Cloud Cult shows are a commune of sorts. People dance in Woodstock garb, rekindling a bygone era when music and politics were one. Split-screen images are shown behind the band, put together by old Pink Floyd roadies who donate their time; Bush on one side, Hitler on the other.
The songs, your standard nonstandard indie-rock songs, with glitches, beeps, cellos, guitars and themes of loss, love and finding your way back home, have no hint of environmentalism in them. A Cloud Cult show is an aura. Likely, you go for the music, but you come out wanting to save the world.
"I thought they were two different worlds," says Minowa, who earned his degree in environmental studies. "I thought, either I can be in the world of music or I can be in a world of some sort of environmental pursuit," he adds. "It wasn't until years later that I decided they could meld together."
Earthology records, the label he runs, is an eco-friendly label in every sense of the word. Situated on an organic farm in Northern Minnesota that runs on wind energy, Earthology donates all profits after expenses to charity. They hand-assemble their own CDs to avoid PVC packaging, one of the world's worst-polluting products. (PVC is short for polyvinyl chloride.)
The way Cloud Cult got the gig in Dallas is typical of how the band travels the country. A fan from Dallas who heard Cloud Cult on satellite e-mailed Minowa and told him he could book a venue for the band. It's familiar territory. Sometimes the band spends the night at fans' homes, who sometimes tag along on tour.
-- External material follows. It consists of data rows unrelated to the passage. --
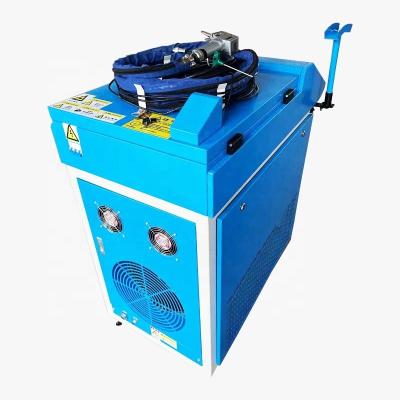 China 3000w Max. Output Power Hand Held Laser Welding Machine Lightweld 120*60*60 for Welding for sale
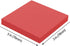 Red Sticky Notes 3×3 Inches, 6 Pads Self-Stick Notes, 100 Sheets/Pad, Post Notes for Study, Works, Daily Life by ZGPEPEXIA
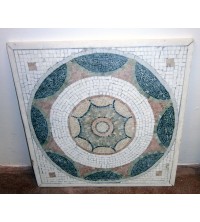 Mosaico in marmo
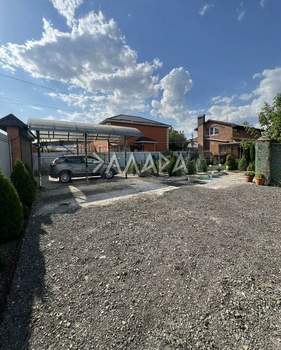 Дом 103м&sup2;, 2-этажный, участок 6 сот.  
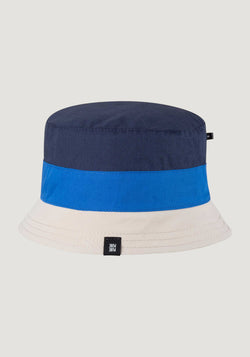 Pălărie bucket Light bumbac - Indigo 51 cm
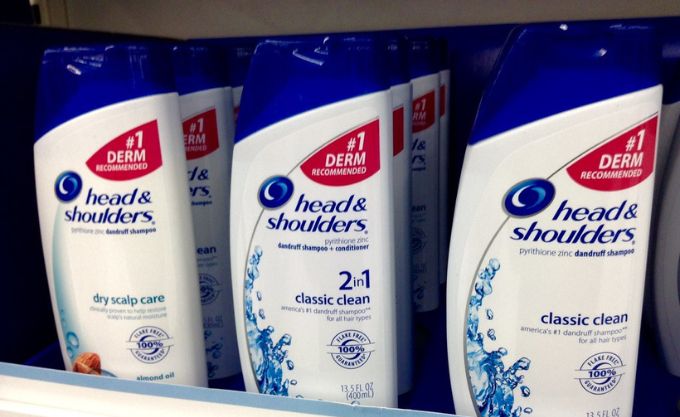 can head shoulders cause hair loss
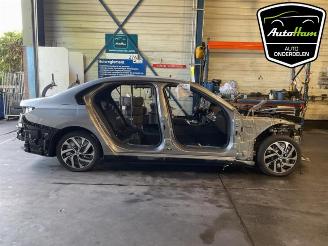 Auto da rottamare BMW i7 i7 (G70), Sedan, 2022 eDrive50 106 kWh 2024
Imagine if the Grateful Dead were from Minnesota, replaced tie-dye and hemp with organic water and wool scarves, rocked out like Modest Mouse and Built to Spill--then you've got Cloud Cult.
"People would expect the music would be 'Go out and recycle,'" Minowa says. "No one would like that. The environmental movement is a holistic movement. It's ingrained in the music we do."
Cloud Cult really doesn't want to bring down the government. It just wants to raise awareness. "Eventually, the hope is that these shows turn into convoys," says Minowa. In order to do that, Cloud Cult must first conquer cities like Dallas, a place where the band doesn't chart well. At its height, Cloud Cult's first album, They Live on the Sun, reached No. 2 on the CMJ charts, knocking off Radiohead--of all bands--but in Texas the album has barely made a splash. And while the band certainly leans left, Minowa says, the show shouldn't be anything less than a lesson on how bands should act in a time of war, government ineptitude and corruption.
The show, which Minowa calls an "old-school hippie festival and modern-day politically oriented rave," is eclectic like a carnival. Fans sign petitions and wear costumes, garb Minowa pondered for a second should the band play "State of the Union." He asked, stoically, "Isn't it blasphemy to speak against Bush in Texas?"